=== WHAT YOU SHOULD DO ===
Transcribe exactly the lines from the one holding "Titanum Teczka segregująca" through the closing line of the entries below. Pictures stay out of the copy.

[Brief descriptive captions]

[Start of section]

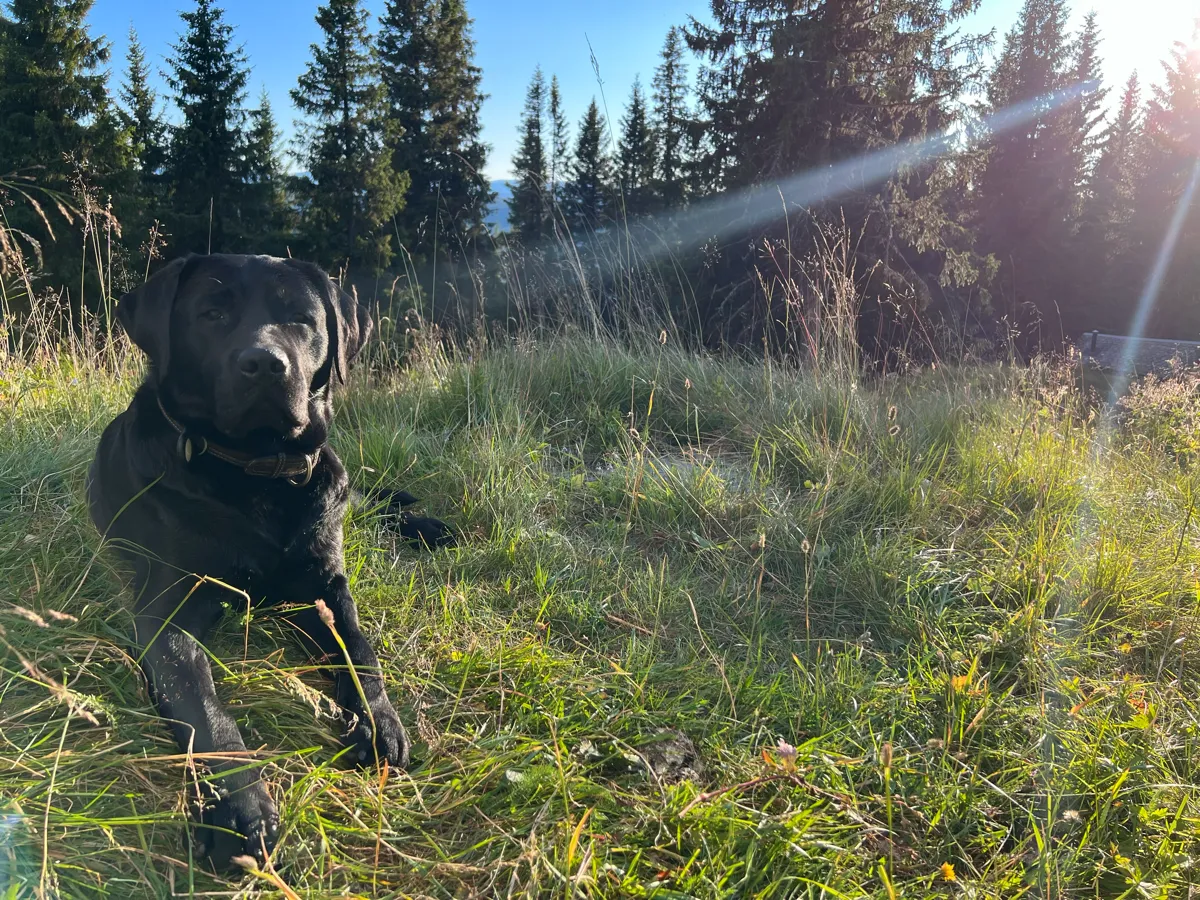 Baloo, en svart labrador, ligger i gresset ved hytta
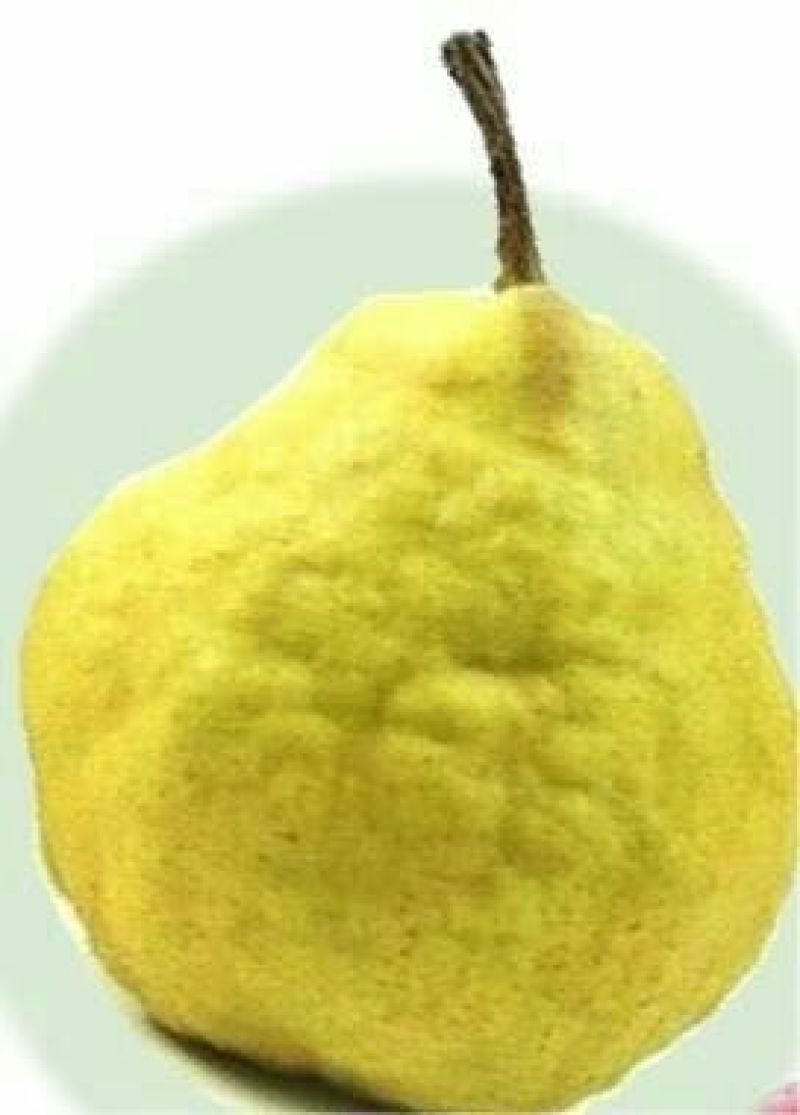 皇冠梨300~350g纸箱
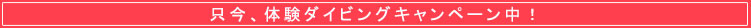 �̌��_�C�r���O�L�����y�[�����I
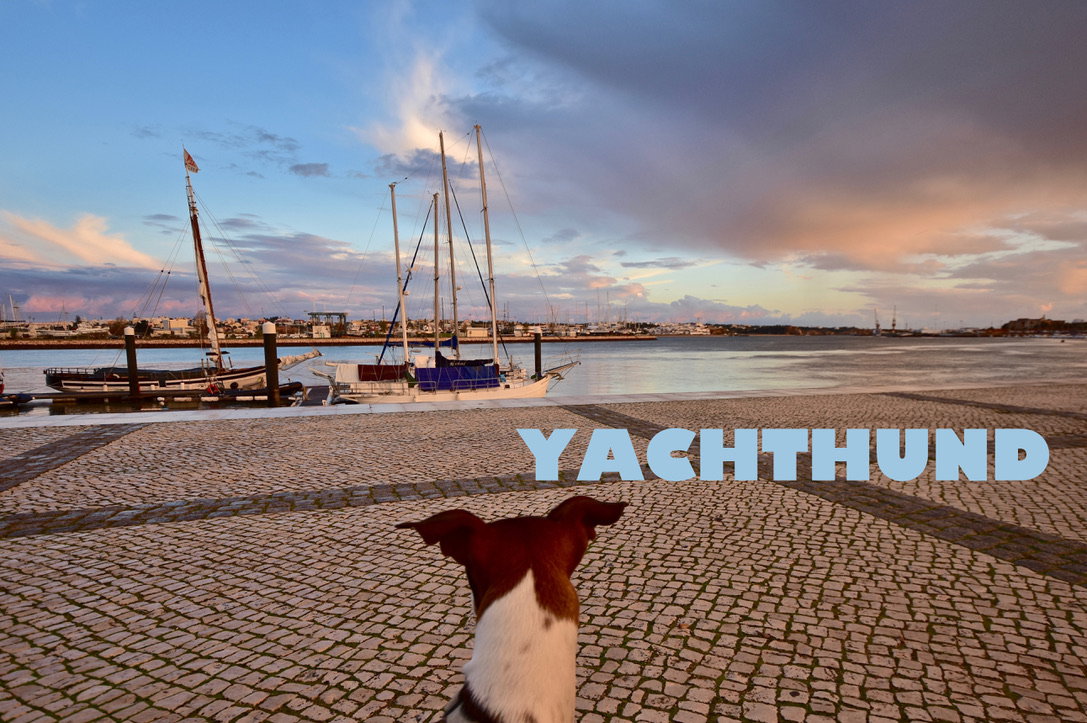 Visual Words | Photos  Almut Adler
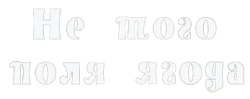 Не того поля ягода (2016) смотреть онлайн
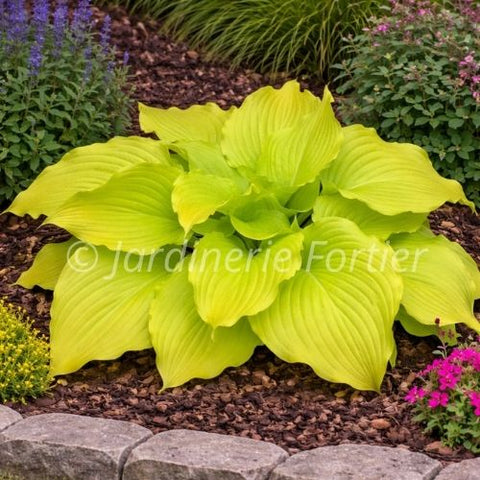 Hosta "Dancing Queen"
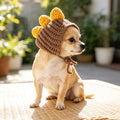Small tan dog wearing a brown dinosaur hat with yellow spikes.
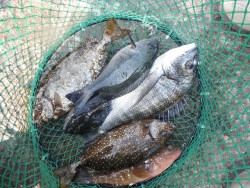 和歌山北港魚つり公園 投稿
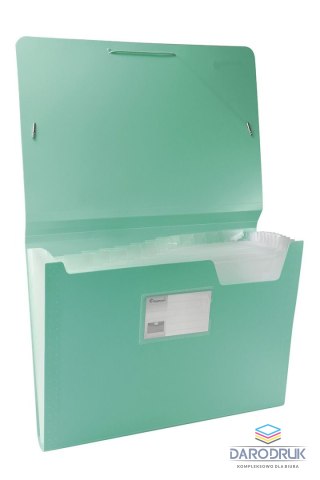 Titanum Teczka segregująca PP Titanum A4 z gumką 13 przegródek czarna (TPO12BC)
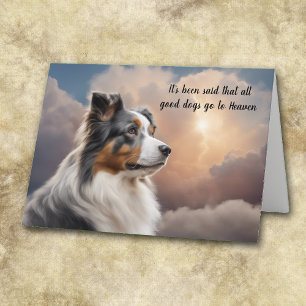 Loss of Blue Merle Australian Shepherd Sympathy Holiday Card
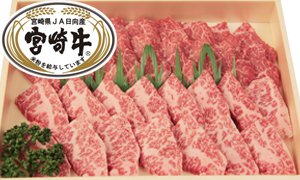 全国のふるさと納税情報ページ。宮崎県日向市のふるさと納税情報。宮崎県日向市のふるさと納税はSUNチャンネルで。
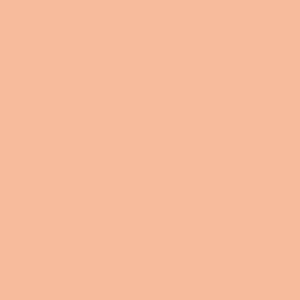 Little Greene No 20 Conche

[End of section]

=== WRITTEN SOLUTION ===
 Titanum Teczka segregująca PP Titanum A4 z gumką 13 przegródek czarna (TPO12BC)
 Loss of Blue Merle Australian Shepherd Sympathy Holiday Card
 全国のふるさと納税情報ページ。宮崎県日向市のふるさと納税情報。宮崎県日向市のふるさと納税はSUNチャンネルで。
 Little Greene No 20 Conche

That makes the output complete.